At Fishtown Analytics, we sell and deliver analytics engineering projects in two-week sprints, each of which has a fixed price and fixed deliverables. Delivering on such a tight timeline with defined outcomes is intense! And we’ve gotten quite good at it: we’ve now delivered over 1,000 sprints, with over 95% of them delivered on time.
As a result, we’ve gotten really, really good at scoping analytics projects. We’ve found that if we answer four questions up-front, we can significantly reduce the chances of uncovering issues before it’s too late. In fact, ferreting out issues early is the single most important factor in delivering analytics work on time. If you spend a week going down one path only to realize it’s a dead end, that’s a tremendous amount of wasted time. It’s critical to anticipate the cul-de-sac before you find yourself stuck there.
Our approach to proactive issue identification has become intuitive—it’s something that we all just do, because we’ve all burned our hands on the stove enough times to know better: “I should’ve known I needed to check whether those IDs would map. Shit.”
It’s such an important topic, though, that I wanted to take the time to make our intuitive, tacit knowledge more explicit and share it with the larger community. Because this skill isn’t just for consultants: anyone who is using Agile on their data team, or really anyone who manages deadlines on data projects at all, should care.
Why? Data teams are successful when they build reserves of trust—that’s how you earn the “trusted advisor” status from all of your business stakeholders, and how you ultimately impact the trajectory of the business. We earn trust by delivering data that is high-quality, tested, and accurate. We also build trust when we set clear expectations about how a project will go and then deliver on them, time after time after time.
Here are the four questions we ask to proactively identify issues and deliver analytics engineering projects on time at Fishtown Analytics.
Do I have the data from the primary source?
It’s not unusual to have data that is relevant to your problem but is from the wrong system. One common example: your company might have marketing data stored in Marketo, but it is ingested into your data warehouse through an existing Salesforce integration. Using the Marketo data vis-a-vis Salesforce isn’t wrong, but it’s risky. The two-hop integration will have more opportunities for failure, and the data will likely not be as granular or complete as the primary source data. Better to get all data directly from its originating source.
There are actually tons of examples of this. Should you trust:
- Shopify’s charges or Stripe’s? I would choose Stripe’s for financial / revenue use cases and Shopify’s for ecommerce use cases.
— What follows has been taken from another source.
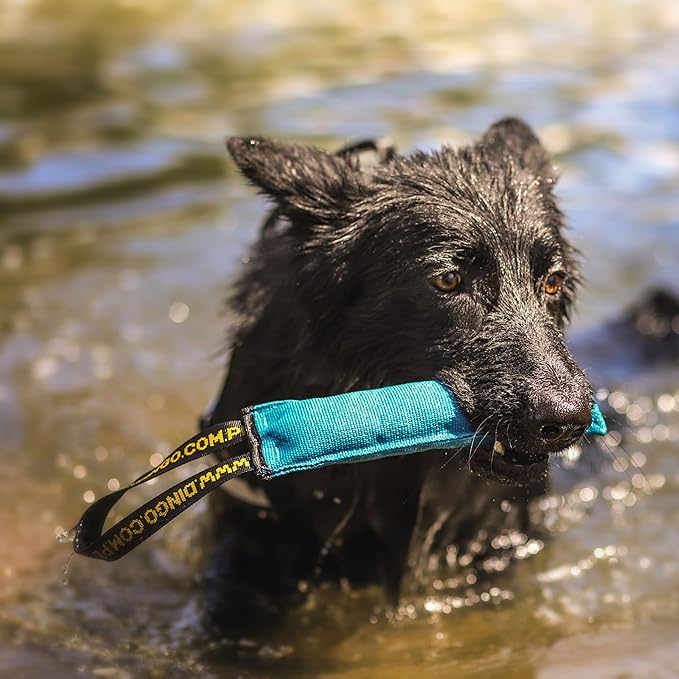 Dingo Cotton tug Toy with Handle, for Catch Retrieving and tug of war, Dog bite Pillow Floating on The Water, Four Colours, S Z30001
- Mixpanel’s events or Segment’s? I would almost always choose Segment, given that most companies push data through Segment to Mixpanel.
- Hubspot’s attribution or Snowplow’s? I believe your web analytics tool (Snowplow in this case) needs to be the authoritative source of your web event data, and thus your attribution.
It’s a funny thing to insist on having data directly from the source when you start a project, because in some ways it’s not very pragmatic. Paying for an extra integration typically has a clear price tag, and it’s not at all clear what the value is at the outset. Why isn’t the data you have “good enough”? The answer is that building your analytics on top of the most fundamentally true source of data saves a tremendous amount of wasted time, frustration, workarounds, and spaghetti code in the future.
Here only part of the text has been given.